(Caption-style text data)

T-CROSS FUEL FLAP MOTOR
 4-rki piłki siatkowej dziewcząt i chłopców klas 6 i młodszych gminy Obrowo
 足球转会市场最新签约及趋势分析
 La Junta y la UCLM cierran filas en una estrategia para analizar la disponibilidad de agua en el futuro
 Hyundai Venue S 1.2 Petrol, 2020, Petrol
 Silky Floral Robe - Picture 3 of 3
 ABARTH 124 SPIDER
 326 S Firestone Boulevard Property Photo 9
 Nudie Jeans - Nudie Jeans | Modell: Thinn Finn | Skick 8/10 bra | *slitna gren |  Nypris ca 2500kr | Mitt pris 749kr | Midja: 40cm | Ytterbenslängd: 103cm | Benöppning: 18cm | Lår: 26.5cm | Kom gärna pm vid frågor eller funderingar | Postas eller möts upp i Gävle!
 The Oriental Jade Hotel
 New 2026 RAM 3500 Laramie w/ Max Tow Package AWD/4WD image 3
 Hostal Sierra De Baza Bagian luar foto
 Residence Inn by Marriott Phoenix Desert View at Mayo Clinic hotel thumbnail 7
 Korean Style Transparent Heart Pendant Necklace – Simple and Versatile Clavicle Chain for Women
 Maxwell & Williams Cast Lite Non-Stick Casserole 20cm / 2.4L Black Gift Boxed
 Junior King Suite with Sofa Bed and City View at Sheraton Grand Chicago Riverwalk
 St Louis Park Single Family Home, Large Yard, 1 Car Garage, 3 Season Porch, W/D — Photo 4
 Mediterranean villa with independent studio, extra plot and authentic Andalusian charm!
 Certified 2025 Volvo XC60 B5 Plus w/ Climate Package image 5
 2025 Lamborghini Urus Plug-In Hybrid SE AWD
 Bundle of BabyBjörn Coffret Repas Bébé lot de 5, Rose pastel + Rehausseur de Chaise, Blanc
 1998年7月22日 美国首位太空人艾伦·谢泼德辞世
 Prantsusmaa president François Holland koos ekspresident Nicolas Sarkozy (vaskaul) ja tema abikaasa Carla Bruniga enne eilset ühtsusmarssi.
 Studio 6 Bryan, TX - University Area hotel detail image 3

◆ PROMPT:
Make an exact copy of the data above.

◆ SOLUTION FOR THIS TASK:
T-CROSS FUEL FLAP MOTOR
 4-rki piłki siatkowej dziewcząt i chłopców klas 6 i młodszych gminy Obrowo
 足球转会市场最新签约及趋势分析
 La Junta y la UCLM cierran filas en una estrategia para analizar la disponibilidad de agua en el futuro
 Hyundai Venue S 1.2 Petrol, 2020, Petrol
 Silky Floral Robe - Picture 3 of 3
 ABARTH 124 SPIDER
 326 S Firestone Boulevard Property Photo 9
 Nudie Jeans - Nudie Jeans | Modell: Thinn Finn | Skick 8/10 bra | *slitna gren |  Nypris ca 2500kr | Mitt pris 749kr | Midja: 40cm | Ytterbenslängd: 103cm | Benöppning: 18cm | Lår: 26.5cm | Kom gärna pm vid frågor eller funderingar | Postas eller möts upp i Gävle!
 The Oriental Jade Hotel
 New 2026 RAM 3500 Laramie w/ Max Tow Package AWD/4WD image 3
 Hostal Sierra De Baza Bagian luar foto
 Residence Inn by Marriott Phoenix Desert View at Mayo Clinic hotel thumbnail 7
 Korean Style Transparent Heart Pendant Necklace – Simple and Versatile Clavicle Chain for Women
 Maxwell & Williams Cast Lite Non-Stick Casserole 20cm / 2.4L Black Gift Boxed
 Junior King Suite with Sofa Bed and City View at Sheraton Grand Chicago Riverwalk
 St Louis Park Single Family Home, Large Yard, 1 Car Garage, 3 Season Porch, W/D — Photo 4
 Mediterranean villa with independent studio, extra plot and authentic Andalusian charm!
 Certified 2025 Volvo XC60 B5 Plus w/ Climate Package image 5
 2025 Lamborghini Urus Plug-In Hybrid SE AWD
 Bundle of BabyBjörn Coffret Repas Bébé lot de 5, Rose pastel + Rehausseur de Chaise, Blanc
 1998年7月22日 美国首位太空人艾伦·谢泼德辞世
 Prantsusmaa president François Holland koos ekspresident Nicolas Sarkozy (vaskaul) ja tema abikaasa Carla Bruniga enne eilset ühtsusmarssi.
 Studio 6 Bryan, TX - University Area hotel detail image 3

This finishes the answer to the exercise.